-- Opening Marker --

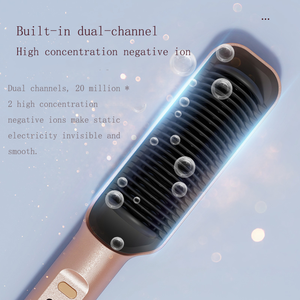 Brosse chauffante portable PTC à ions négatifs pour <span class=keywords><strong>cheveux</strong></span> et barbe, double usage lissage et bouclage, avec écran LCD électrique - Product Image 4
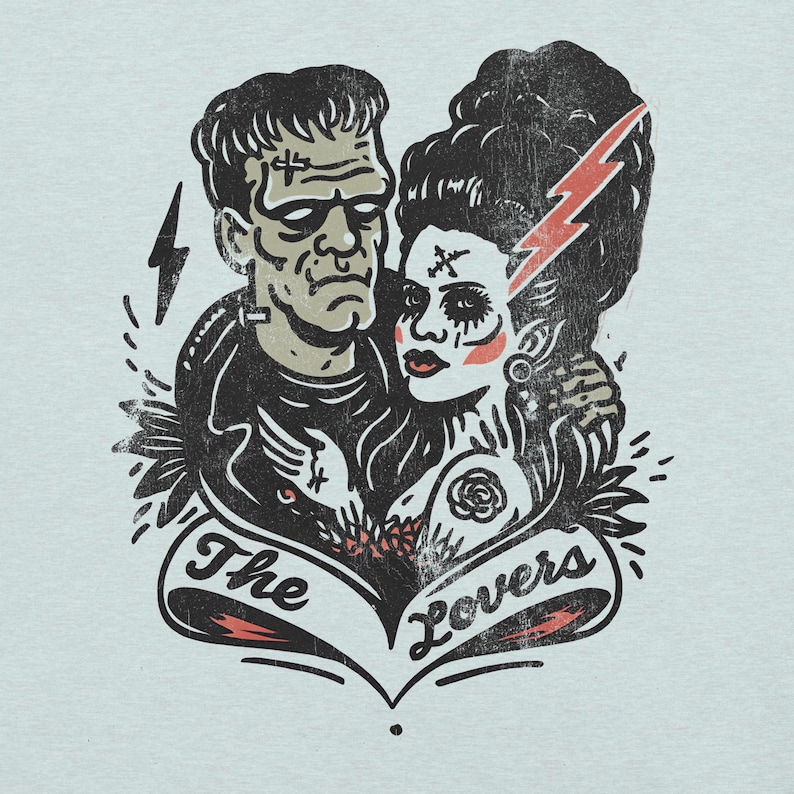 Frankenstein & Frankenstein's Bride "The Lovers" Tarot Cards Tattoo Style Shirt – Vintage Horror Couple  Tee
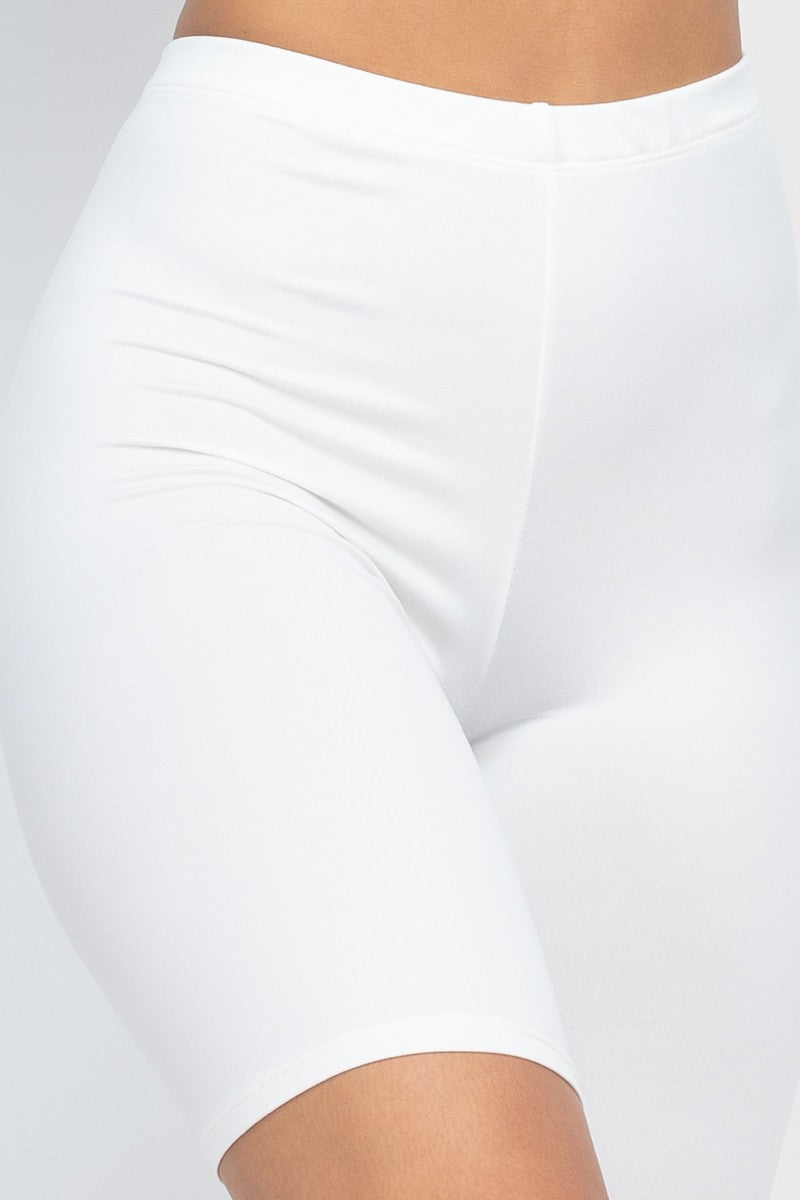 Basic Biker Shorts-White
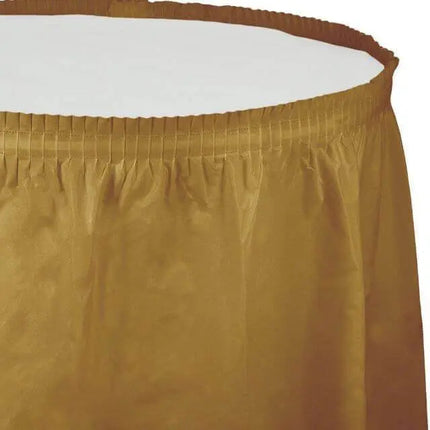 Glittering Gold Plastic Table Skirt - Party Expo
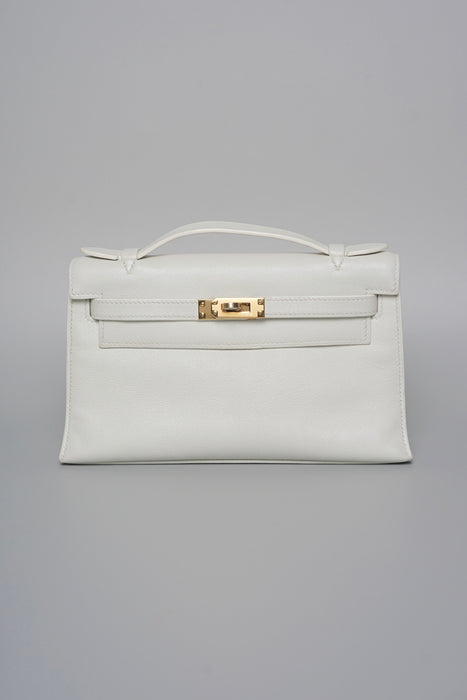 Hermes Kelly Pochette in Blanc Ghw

-- Closing Marker --

> [Aim of the exercise]: Your answer should consist solely of the lines from the one holding "Frankenstein & Frankenstein's" through the end of the listing, reproduced exactly and without pictures.

> [Exercise output]:
 Frankenstein & Frankenstein's Bride "The Lovers" Tarot Cards Tattoo Style Shirt – Vintage Horror Couple  Tee
 Basic Biker Shorts-White
 Glittering Gold Plastic Table Skirt - Party Expo
 Hermes Kelly Pochette in Blanc Ghw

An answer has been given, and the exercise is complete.